» **What you are asked to do**: After locating the line with "Two other types" below, output it and each following line exactly, stopping after the line with "Welcome to the". No pictures.

» **Entries shown**:
* * * *
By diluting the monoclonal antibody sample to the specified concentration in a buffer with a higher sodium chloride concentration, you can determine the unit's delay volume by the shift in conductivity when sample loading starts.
* * * *
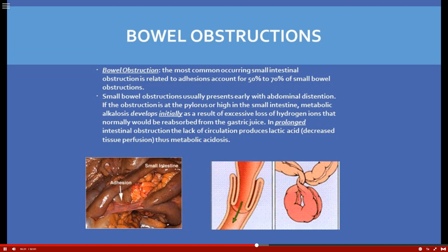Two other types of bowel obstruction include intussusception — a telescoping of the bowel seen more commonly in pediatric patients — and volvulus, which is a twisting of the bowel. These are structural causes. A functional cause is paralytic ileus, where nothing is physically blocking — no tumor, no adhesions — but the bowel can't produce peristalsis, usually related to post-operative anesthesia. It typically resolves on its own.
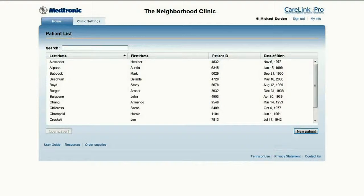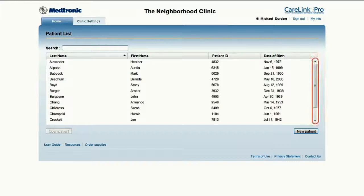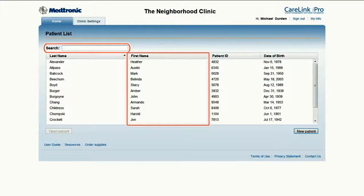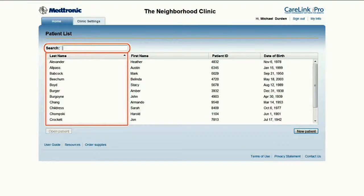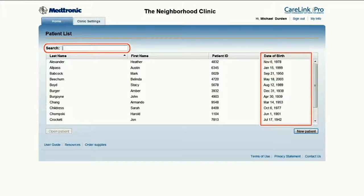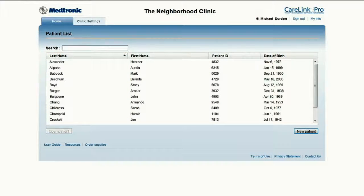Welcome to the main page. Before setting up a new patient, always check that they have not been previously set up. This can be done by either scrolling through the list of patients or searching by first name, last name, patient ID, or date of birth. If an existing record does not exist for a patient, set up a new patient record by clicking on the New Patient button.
* * * *
» **Answer to the exercise**:
Two other types of bowel obstruction include intussusception — a telescoping of the bowel seen more commonly in pediatric patients — and volvulus, which is a twisting of the bowel. These are structural causes. A functional cause is paralytic ileus, where nothing is physically blocking — no tumor, no adhesions — but the bowel can't produce peristalsis, usually related to post-operative anesthesia. It typically resolves on its own.
Welcome to the main page. Before setting up a new patient, always check that they have not been previously set up. This can be done by either scrolling through the list of patients or searching by first name, last name, patient ID, or date of birth. If an existing record does not exist for a patient, set up a new patient record by clicking on the New Patient button.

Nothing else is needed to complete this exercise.